MOLECULAR PHENOTYPING OF LIGNIN-MODIFIED TOBACCO REVEALS ASSOCIATED CHANGES IN CELL WALL METABOLISM, PRIMARY METABOLISM, STRESS METABOLISM AND PHOTORESPIRATION

Authors: DAUWE, REBECCA - GENT UNIV, BELGIUM; MORREEL, KRIS - GENT UNIV, BELGIUM; GOEMINNE, GEERT - GENT UNIV, BELGIUM; GIELEN, BIRGIT - GENT UNIV, BELGIUM; ROHDE, ANTJE - GENT UNIV, BELGIUM; VAN BEEUMEN, JOS - GENT UNIV, BELGIUM; Ralph, John; BOUDET, ALAIN-M - UMR, FRANCE; ROCHANGE, SOIZIC - UMR, FRANCE; KOPKA, JOACHIM - MPI, GERMANY; HALPIN, CLAIRE - UNIV OF DUNDEE, SCOTLAND; MESSENS, ERIC - GENT UNIV, BELGIUM; BOERJAN, WOUT - GENT UNIV, BELGIUM

Submitted to: Plant Journal
Publication Type: Peer Reviewed Journal
Publication Acceptance Date: 6/15/2007
Publication Date: 8/28/2007
Citation: Dauwe, R., Morreel, K., Goeminne, G., Gielen, B., Rohde, A., Van Beeumen, J., Ralph, J., Boudet, A., Rochange, S., Kopka, J., Halpin, C., Messens, E., Boerjan, W. 2007. Molecular phenotyping of lignin-modified tobacco reveals associated changes in cell wall metabolism, primary metabolism, stress metabolism and photorespiration. Plant Journal. 52:263-285.

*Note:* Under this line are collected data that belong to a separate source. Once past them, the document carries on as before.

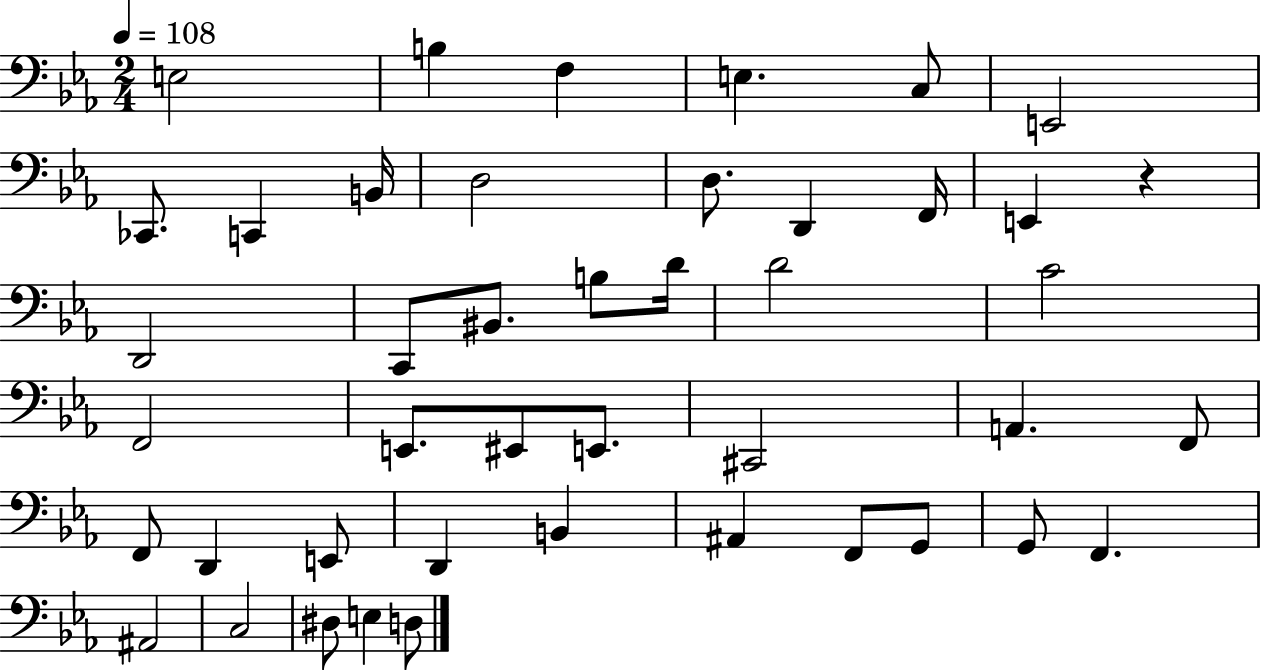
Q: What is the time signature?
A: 2/4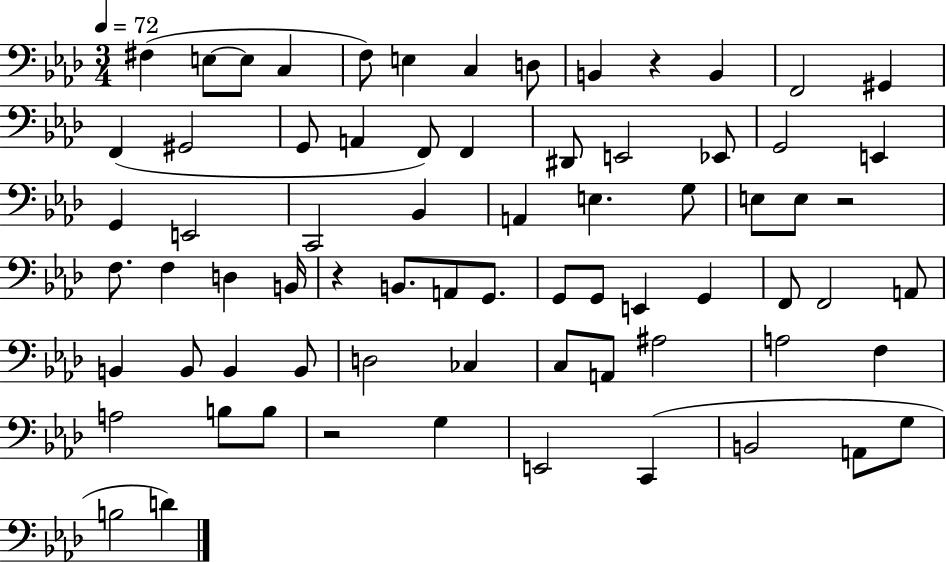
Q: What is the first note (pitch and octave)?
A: F#3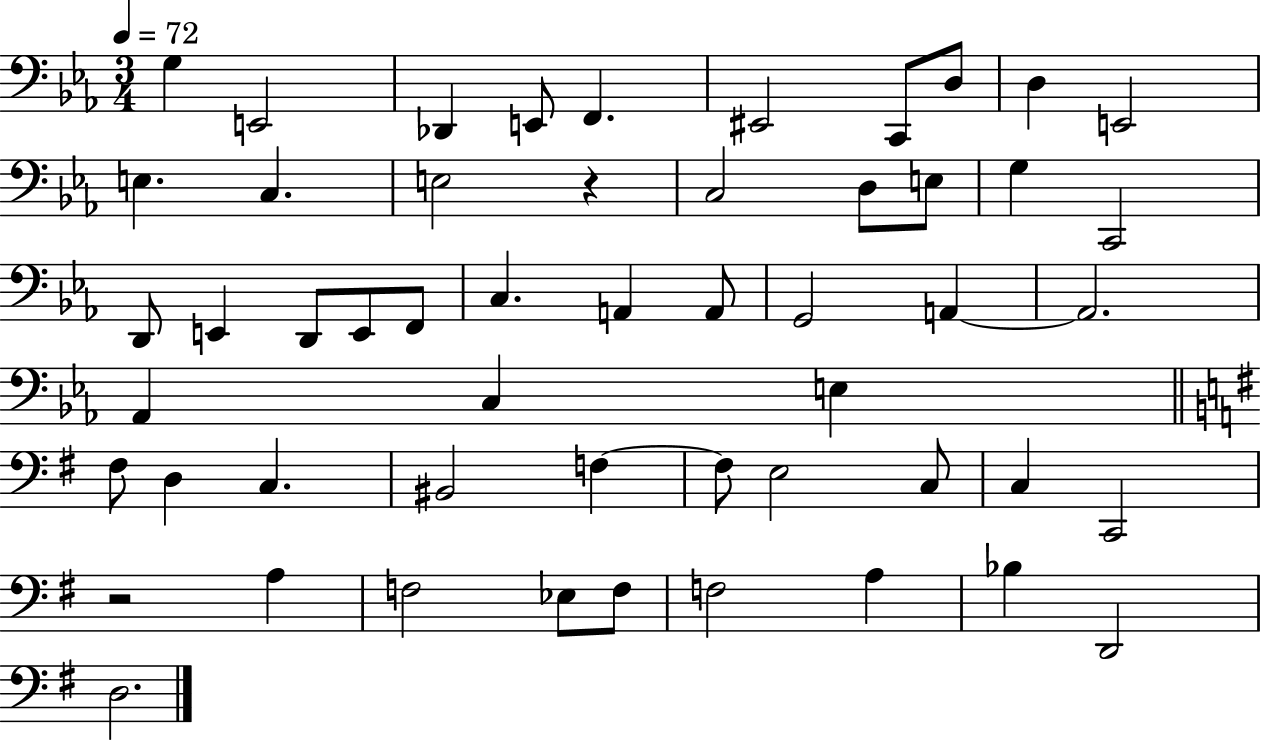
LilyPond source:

{
  \clef bass
  \numericTimeSignature
  \time 3/4
  \key ees \major
  \tempo 4 = 72
  g4 e,2 | des,4 e,8 f,4. | eis,2 c,8 d8 | d4 e,2 | \break e4. c4. | e2 r4 | c2 d8 e8 | g4 c,2 | \break d,8 e,4 d,8 e,8 f,8 | c4. a,4 a,8 | g,2 a,4~~ | a,2. | \break aes,4 c4 e4 | \bar "||" \break \key g \major fis8 d4 c4. | bis,2 f4~~ | f8 e2 c8 | c4 c,2 | \break r2 a4 | f2 ees8 f8 | f2 a4 | bes4 d,2 | \break d2. | \bar "|."
}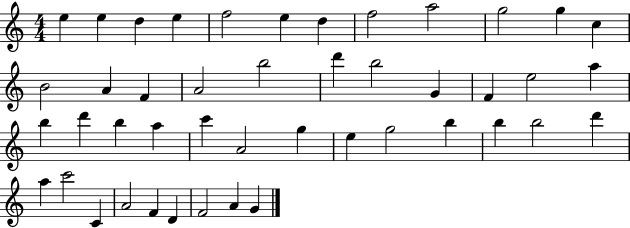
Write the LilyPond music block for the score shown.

{
  \clef treble
  \numericTimeSignature
  \time 4/4
  \key c \major
  e''4 e''4 d''4 e''4 | f''2 e''4 d''4 | f''2 a''2 | g''2 g''4 c''4 | \break b'2 a'4 f'4 | a'2 b''2 | d'''4 b''2 g'4 | f'4 e''2 a''4 | \break b''4 d'''4 b''4 a''4 | c'''4 a'2 g''4 | e''4 g''2 b''4 | b''4 b''2 d'''4 | \break a''4 c'''2 c'4 | a'2 f'4 d'4 | f'2 a'4 g'4 | \bar "|."
}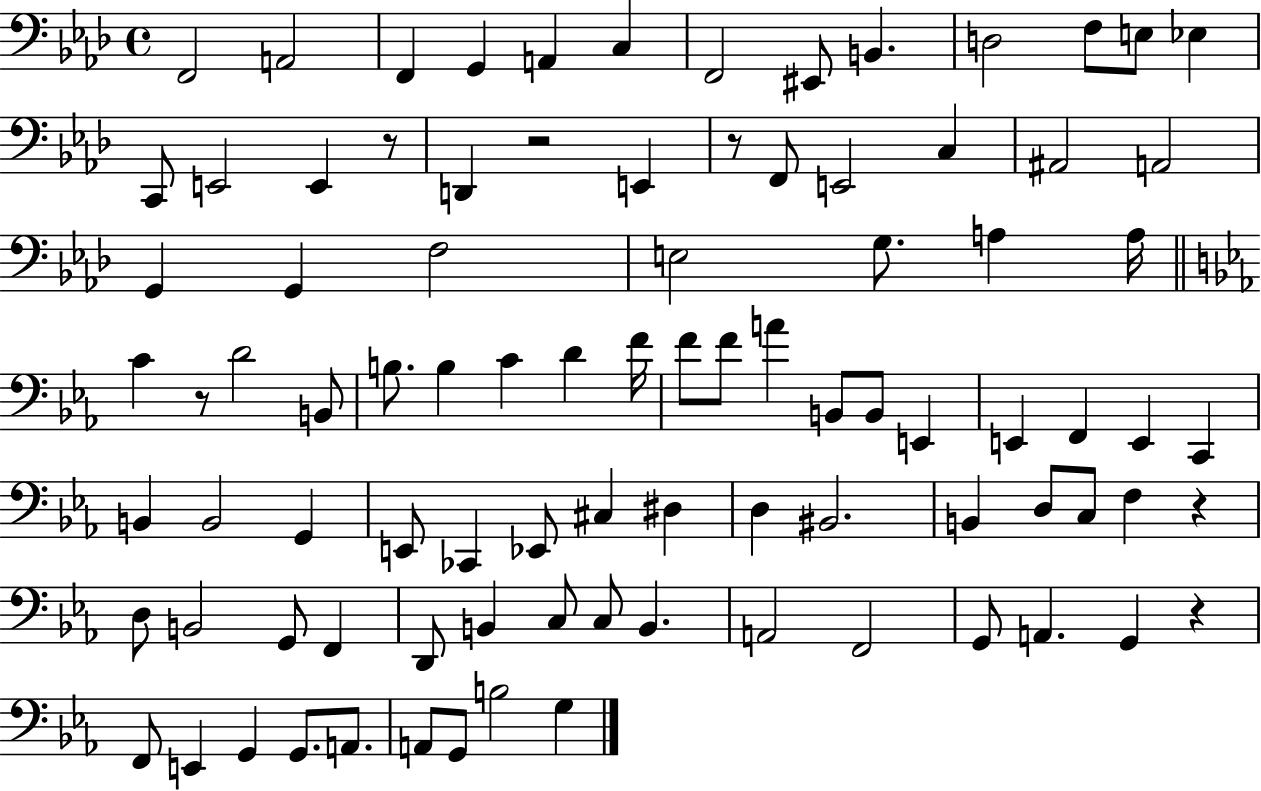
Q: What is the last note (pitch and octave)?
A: G3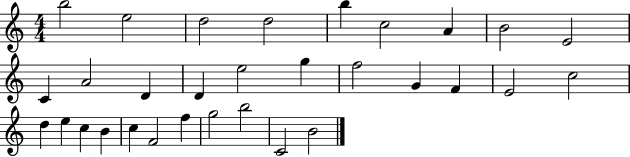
B5/h E5/h D5/h D5/h B5/q C5/h A4/q B4/h E4/h C4/q A4/h D4/q D4/q E5/h G5/q F5/h G4/q F4/q E4/h C5/h D5/q E5/q C5/q B4/q C5/q F4/h F5/q G5/h B5/h C4/h B4/h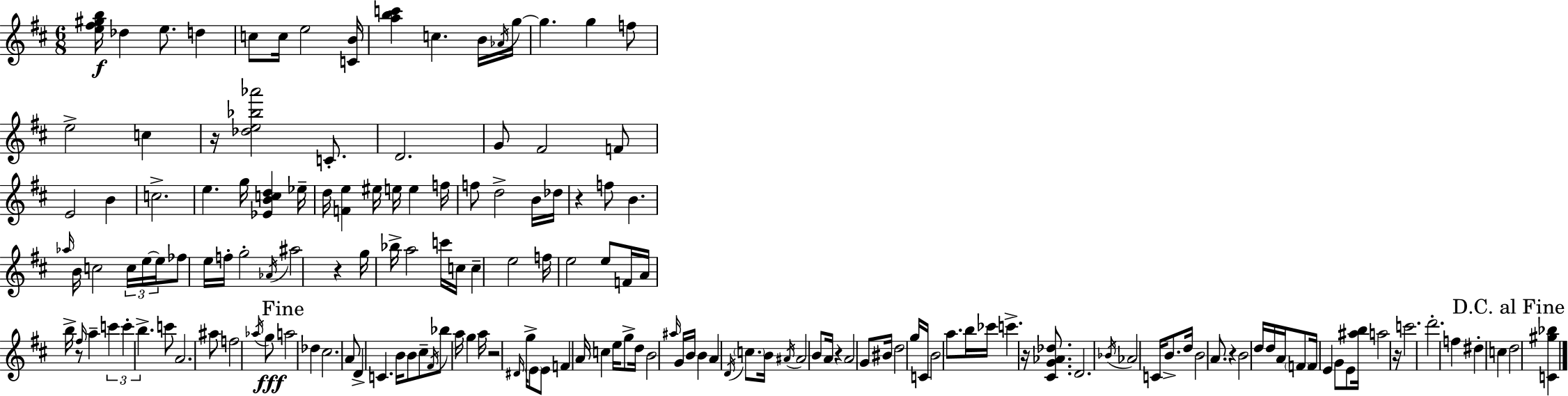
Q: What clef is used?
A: treble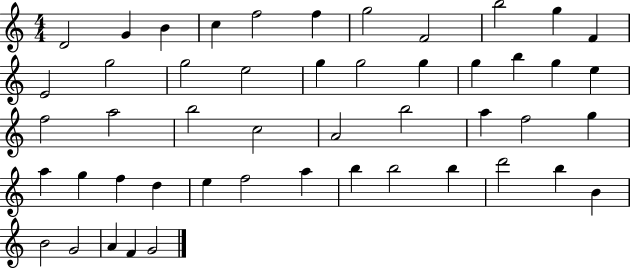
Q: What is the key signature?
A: C major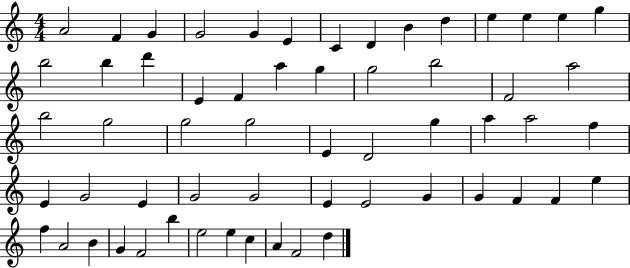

Interpretive Summary: Lignin is a polymer that is mainly present in plant cell walls, where it provides strength, defense, and allows for water transport through the plant. There is wide interest in understanding the process of lignin biosynthesis and deposition because of its economic relevance. Plant varieties with altered lignin content and composition can have improved performance as fodder crops or in the production of paper and pulp. However, in studies to date, the effects on the plant of perturbing single genes in the lignin biosynthetic pathway have been only examined in a relatively simplistic way. The pathways impacted by that gene have been examined and the effect, for example, on the structure of lignin, has been elucidated. But how the whole biochemistry of the plant responds has not been examined in a holistic manner. Collaborators in Belgium and elsewhere used sophisticated approaches to determine the effects of perturbing two key lignin genes on various aspects of plant metabolism. As noted in the title, the gene-perturbations caused various effects on general plant metabolism and photorespiration (see Wikipedia). Such studies begin to allow scientists to understand how various biochemical processes in the plant interact, and provide the foundations for improving the utilization of our crop and forest plant resources.

Technical Abstract: Lignin is an important component of secondary thickened cell walls. Cinnamoyl CoA reductase (CCR) and cinnamyl alcohol dehydrogenase (CAD) are two key enzymes catalyzing the penultimate and last step in the biosynthesis of the monolignols. Down-regulation of CCR in tobacco has been shown to reduce lignin content, whereas lignin in tobacco down-regulated for CAD incorporates more aldehydes. Here, we show that altering the expression of either or both genes in tobacco has far-reaching consequences on the transcriptome and metabolome. A cDNA-AFLP-based survey of 11,000 transcript-derived fragments revealed differential transcripts of genes within the monolignol biosynthetic pathway, but also of genes in a number of other metabolic pathways. HPLC and GC-MS-based metabolite profiling largely supported the transcript data. In general, the differential transcript and metabolite profiles pointed toward a decreased biosynthesis of starch and cell wall matrix polysaccharides, a general stress response and photo-oxidative stress, and an increased photorespiration, mainly in the CCR-deficient plants. The predicted effects on the photosynthetic apparatus were subsequently confirmed physiologically by fluorescence and gas-exchange measurements.